• Anarcho-Bolshevik@lemmygrad.ml
          ·
          6 months ago

          German Rule in Russia, 1941–1945:

          Hitler continued, ‘if we speak of new lands, we are bound to think first of Russia and her border states’.2

          His favourite analogy in this connection was a comparison of the future German East with British India.3 To him, India provided an object lesson of colonial exploitation and Machiavellian virtuosity; he used it to buttress his conviction that the population of ‘Germany’s India’ — the Soviet Union — was likewise no more than ‘white slaves’ destined to serve the master race. Characteristic of his landlocked outlook, he proclaimed that Germany’s primary colonies were to be found not overseas but in Russia.4 Along with its manpower, the resources of the East were to assure the material well‐being of the German people.

          Colonial crossovers: Nazi Germany and its entanglements with other empires:

          The British empire remained a crucial point of reference and the German press continued to broadly cover India and Britain’s other colonial possessions.37 Yet the ways in which the [Fascists] referred to it have to be scrutinized. While Hitler, among others, admired the size and grandeur of British overseas possessions, the common notion that the Germans took colonial lessons from the British appears flawed. References to British rule in India are few and far between in planning documents for the settlement of Africa and eastern Europe.38

          Perhaps most importantly, British colonialism was seen as a venture from the past. As Hitler explained to his inner circle in August 1941, shortly after the Wehrmacht had invaded the Soviet Union, ‘What India was for England, the territories of Russia will be for us.’39 This means that the [Axis] dictator clearly saw Germany as the rightful heir of the British empire — an empire that he wanted to surpass.

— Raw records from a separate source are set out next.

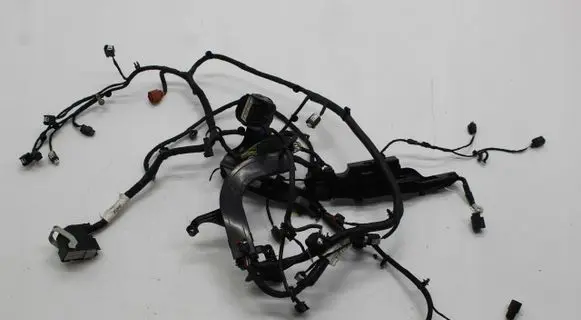Ford Ecosport Other wiring loom GN1T12C508BD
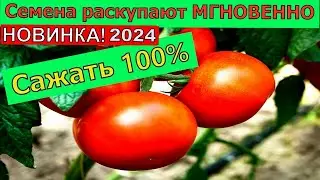 Эти Томаты будут ХИТ 2024. Лучшие томаты в 2023-24г  Вы уже купили Помидоры Вас удивят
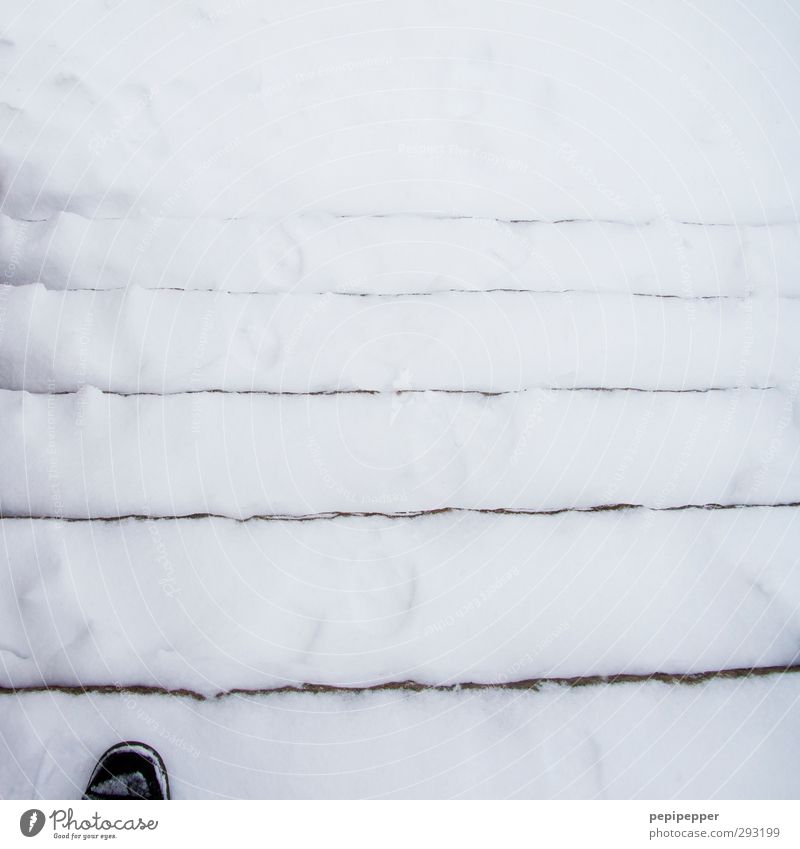 fuß-treppe-schnee maskulin Fuß 1 Mensch Winter Eis Frost Schnee Treppe Fußgänger Schuhe Streifen gehen Schwarzweißfoto Außenaufnahme Tag
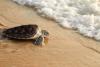 Nine cold-stunned sea turtles named for Baltimore neighborhoods return to the Atlantic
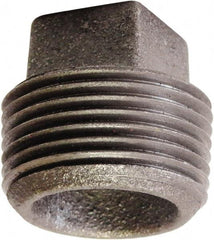 Made in USA - Size 2-1/2", Class 125, Cast Iron Black Pipe Square Plug - 175 psi, FPT End Connection - Exact Tool & Supply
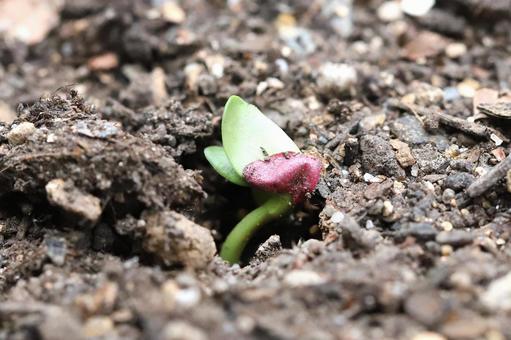 Radish germination, JPG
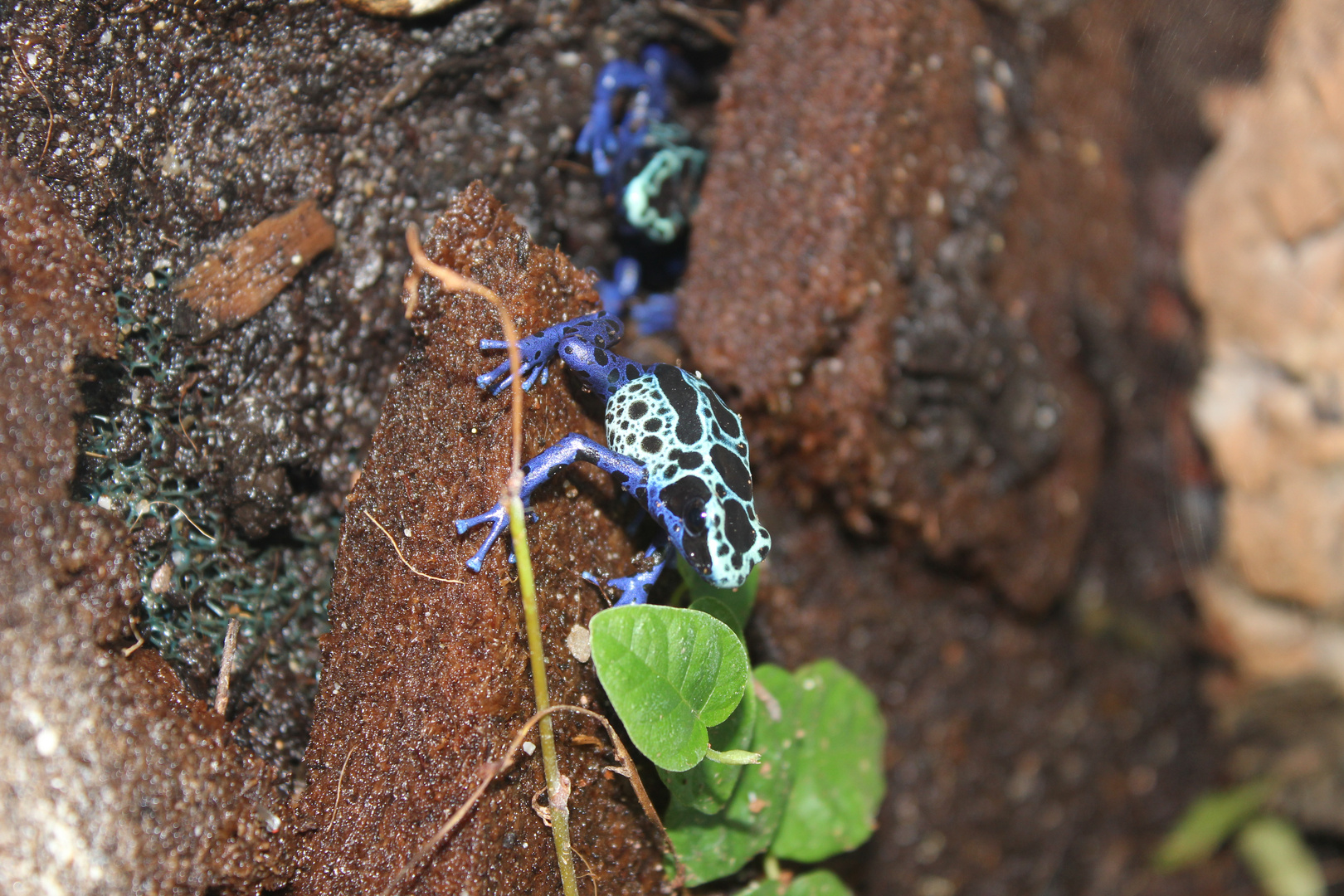 Pfeilgiftfrosch bei Zoo Zajac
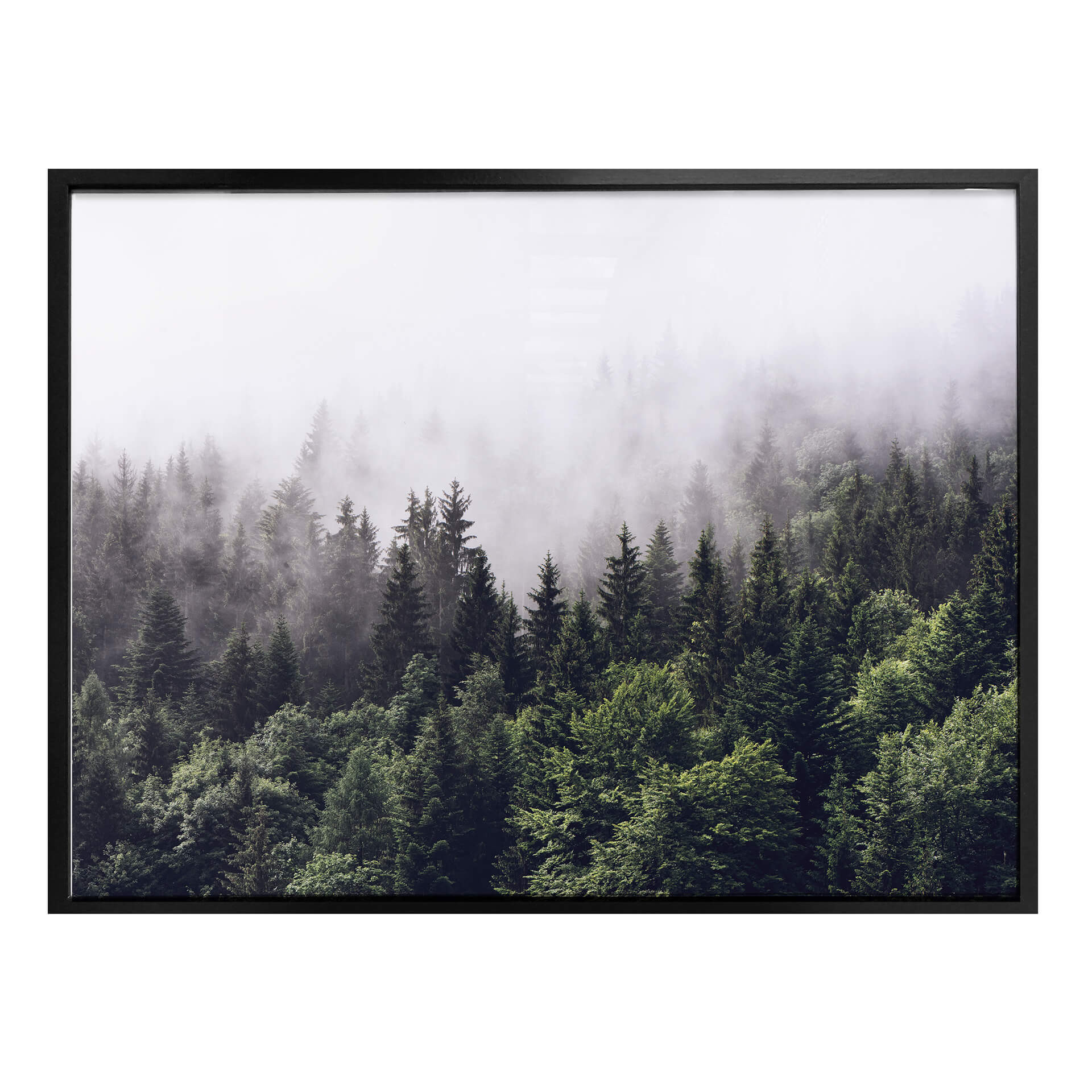 Plakat z mglistym lasem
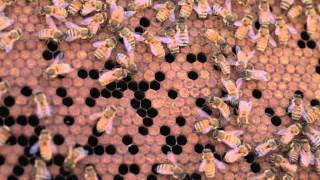 The Wesleyan Beekeepers
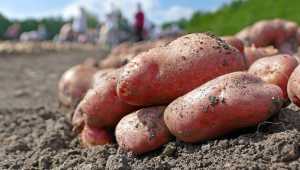 Картопля: підготовка ґрунту та посівного матеріалу для отримання якісного врожаю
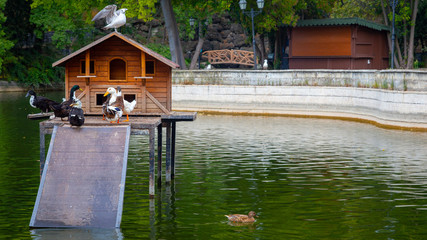 There is a wooden duck house and white, black ducks and seagulls on the lake 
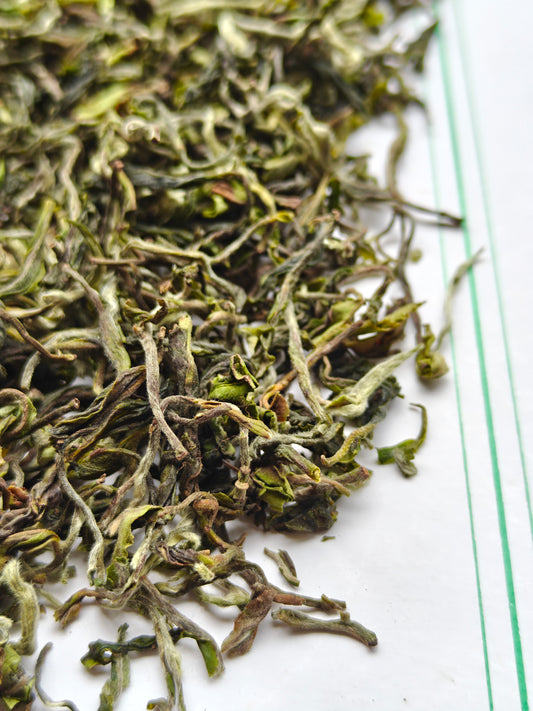 Avongrove Darjeeling Spring Flowery Clonal - Organic First Flush 2026
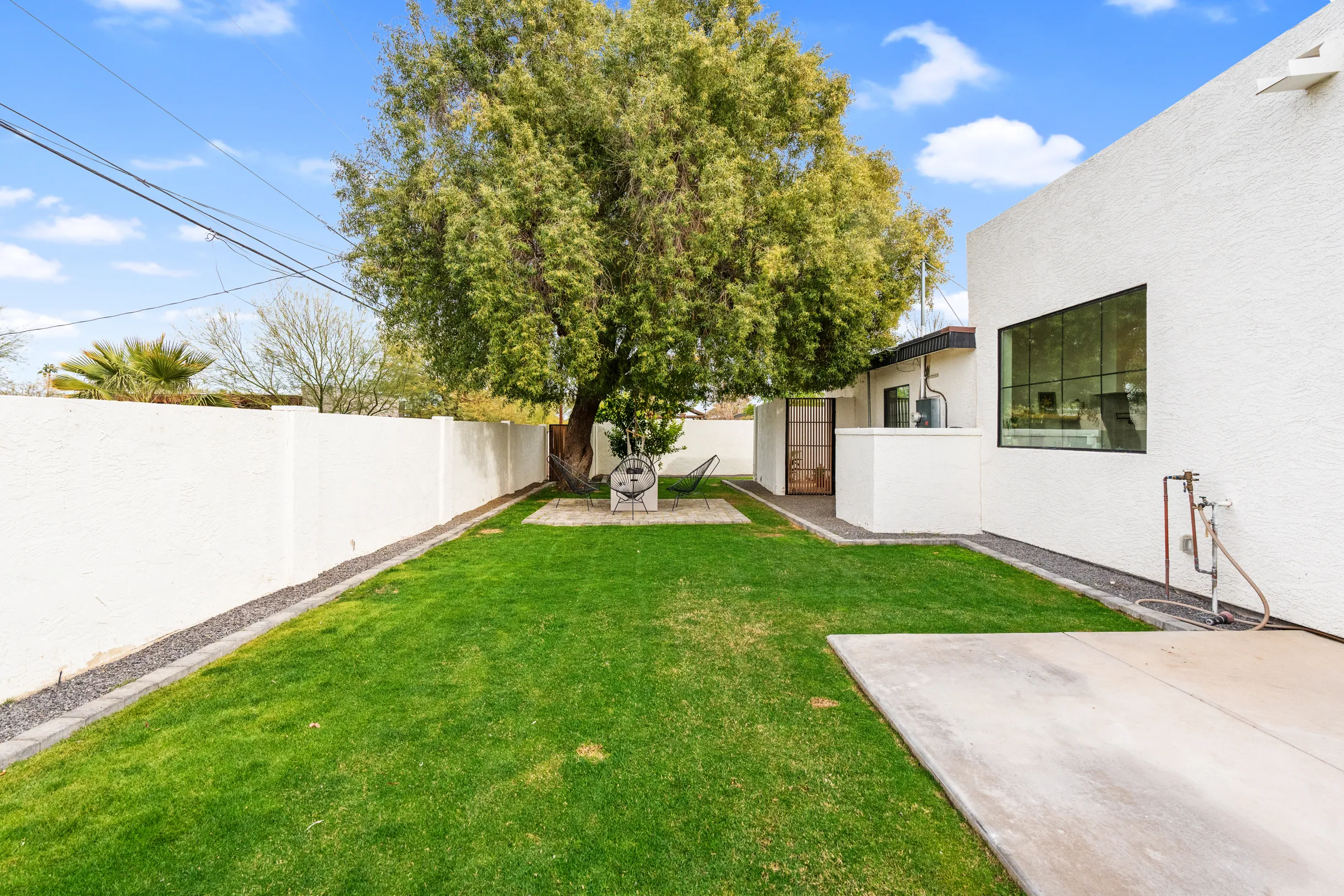 Wander Phoenix Vista #99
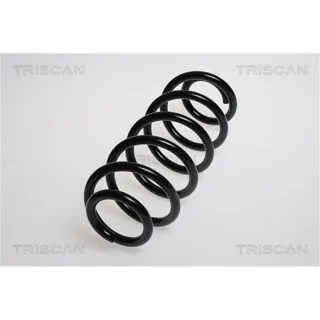 Triscan Feder hinten Peugeot 307 875028108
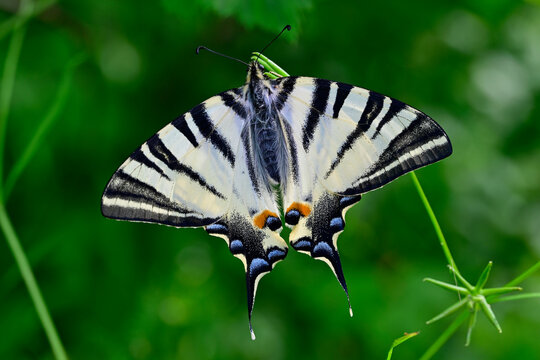 Segelfalter // Scarce swallowtail (Iphiclides podalirius) - Sozopol, Bulgarien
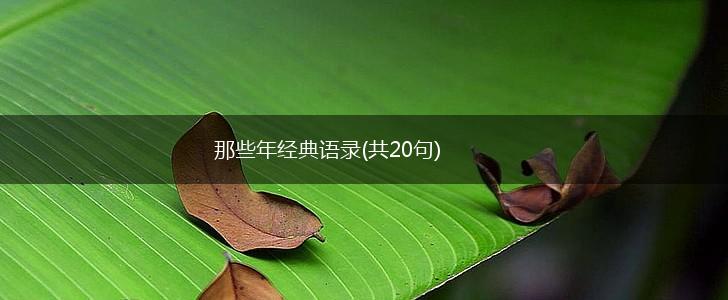 那些年经典语录(共20句),第1张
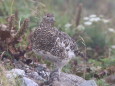 白馬鑓ヶ岳のママ雷鳥2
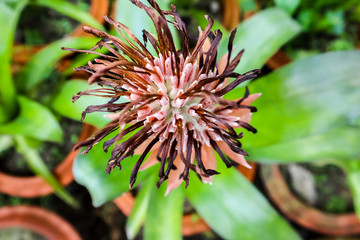 Amazing Red Flower like Sunflower.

          Hitler’s Empire: How the Nazis Ruled Europe, pg. 581:

          Hitler would have much preferred to have Britain instead of Japan as his partner in Asia. As a colonial power, the British had few greater admirers than the Führer and he often emphasized the harmony of their and German interests. ‘If today the globe has an English world empire,’ he had written in 1928, ‘then for the time being there is also no Volk which, on the grounds of its overall governing qualities as well as its political clear‐headedness, would be more fitted for it . . . There is no reason why England’s enmity against Germany should last forever.’11

          His admiration had been shared by others in Germany before him. The mighty British empire had long set the bar for German imperialists, and their view of the causes of its rise to world power was basically the one articulated by many historians today.